Task instructions:
The entries that follow are to be duplicated in full, character for character.

Extracted material:
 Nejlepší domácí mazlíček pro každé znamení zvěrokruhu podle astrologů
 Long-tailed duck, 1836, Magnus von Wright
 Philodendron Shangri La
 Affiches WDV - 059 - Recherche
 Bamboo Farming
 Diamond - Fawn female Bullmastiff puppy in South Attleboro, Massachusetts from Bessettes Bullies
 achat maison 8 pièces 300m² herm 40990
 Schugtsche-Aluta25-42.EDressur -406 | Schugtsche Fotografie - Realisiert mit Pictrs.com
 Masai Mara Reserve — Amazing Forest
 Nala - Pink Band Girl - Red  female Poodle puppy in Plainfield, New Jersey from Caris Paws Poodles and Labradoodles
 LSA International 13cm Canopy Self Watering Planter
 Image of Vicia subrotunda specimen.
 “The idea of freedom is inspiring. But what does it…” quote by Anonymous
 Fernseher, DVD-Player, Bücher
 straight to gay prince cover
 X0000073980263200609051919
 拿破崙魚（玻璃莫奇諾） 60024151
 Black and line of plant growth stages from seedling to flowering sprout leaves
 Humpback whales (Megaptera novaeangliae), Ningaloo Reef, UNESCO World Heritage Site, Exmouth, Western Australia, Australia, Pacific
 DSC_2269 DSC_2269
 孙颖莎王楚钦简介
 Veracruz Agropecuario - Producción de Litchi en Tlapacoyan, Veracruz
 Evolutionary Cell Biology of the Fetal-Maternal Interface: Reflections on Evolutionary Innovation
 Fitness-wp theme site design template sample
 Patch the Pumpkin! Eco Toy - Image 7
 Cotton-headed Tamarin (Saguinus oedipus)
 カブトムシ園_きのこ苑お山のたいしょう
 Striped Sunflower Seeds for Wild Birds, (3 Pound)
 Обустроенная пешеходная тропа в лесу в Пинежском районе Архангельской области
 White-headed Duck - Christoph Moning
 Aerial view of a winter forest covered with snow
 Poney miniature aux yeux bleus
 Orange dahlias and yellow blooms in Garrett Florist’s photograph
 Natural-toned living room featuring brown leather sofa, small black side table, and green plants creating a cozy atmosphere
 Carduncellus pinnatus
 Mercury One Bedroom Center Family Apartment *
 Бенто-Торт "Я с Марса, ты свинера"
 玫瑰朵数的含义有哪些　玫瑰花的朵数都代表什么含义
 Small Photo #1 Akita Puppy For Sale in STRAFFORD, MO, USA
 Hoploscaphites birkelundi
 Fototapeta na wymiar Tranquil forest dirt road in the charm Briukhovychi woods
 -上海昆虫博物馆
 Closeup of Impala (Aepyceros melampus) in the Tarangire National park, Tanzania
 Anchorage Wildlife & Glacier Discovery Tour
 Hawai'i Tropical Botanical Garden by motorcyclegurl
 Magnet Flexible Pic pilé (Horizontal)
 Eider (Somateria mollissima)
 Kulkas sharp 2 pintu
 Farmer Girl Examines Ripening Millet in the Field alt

Your response:
 Nejlepší domácí mazlíček pro každé znamení zvěrokruhu podle astrologů
 Long-tailed duck, 1836, Magnus von Wright
 Philodendron Shangri La
 Affiches WDV - 059 - Recherche
 Bamboo Farming
 Diamond - Fawn female Bullmastiff puppy in South Attleboro, Massachusetts from Bessettes Bullies
 achat maison 8 pièces 300m² herm 40990
 Schugtsche-Aluta25-42.EDressur -406 | Schugtsche Fotografie - Realisiert mit Pictrs.com
 Masai Mara Reserve — Amazing Forest
 Nala - Pink Band Girl - Red  female Poodle puppy in Plainfield, New Jersey from Caris Paws Poodles and Labradoodles
 LSA International 13cm Canopy Self Watering Planter
 Image of Vicia subrotunda specimen.
 “The idea of freedom is inspiring. But what does it…” quote by Anonymous
 Fernseher, DVD-Player, Bücher
 straight to gay prince cover
 X0000073980263200609051919
 拿破崙魚（玻璃莫奇諾） 60024151
 Black and line of plant growth stages from seedling to flowering sprout leaves
 Humpback whales (Megaptera novaeangliae), Ningaloo Reef, UNESCO World Heritage Site, Exmouth, Western Australia, Australia, Pacific
 DSC_2269 DSC_2269
 孙颖莎王楚钦简介
 Veracruz Agropecuario - Producción de Litchi en Tlapacoyan, Veracruz
 Evolutionary Cell Biology of the Fetal-Maternal Interface: Reflections on Evolutionary Innovation
 Fitness-wp theme site design template sample
 Patch the Pumpkin! Eco Toy - Image 7
 Cotton-headed Tamarin (Saguinus oedipus)
 カブトムシ園_きのこ苑お山のたいしょう
 Striped Sunflower Seeds for Wild Birds, (3 Pound)
 Обустроенная пешеходная тропа в лесу в Пинежском районе Архангельской области
 White-headed Duck - Christoph Moning
 Aerial view of a winter forest covered with snow
 Poney miniature aux yeux bleus
 Orange dahlias and yellow blooms in Garrett Florist’s photograph
 Natural-toned living room featuring brown leather sofa, small black side table, and green plants creating a cozy atmosphere
 Carduncellus pinnatus
 Mercury One Bedroom Center Family Apartment *
 Бенто-Торт "Я с Марса, ты свинера"
 玫瑰朵数的含义有哪些　玫瑰花的朵数都代表什么含义
 Small Photo #1 Akita Puppy For Sale in STRAFFORD, MO, USA
 Hoploscaphites birkelundi
 Fototapeta na wymiar Tranquil forest dirt road in the charm Briukhovychi woods
 -上海昆虫博物馆
 Closeup of Impala (Aepyceros melampus) in the Tarangire National park, Tanzania
 Anchorage Wildlife & Glacier Discovery Tour
 Hawai'i Tropical Botanical Garden by motorcyclegurl
 Magnet Flexible Pic pilé (Horizontal)
 Eider (Somateria mollissima)
 Kulkas sharp 2 pintu
 Farmer Girl Examines Ripening Millet in the Field alt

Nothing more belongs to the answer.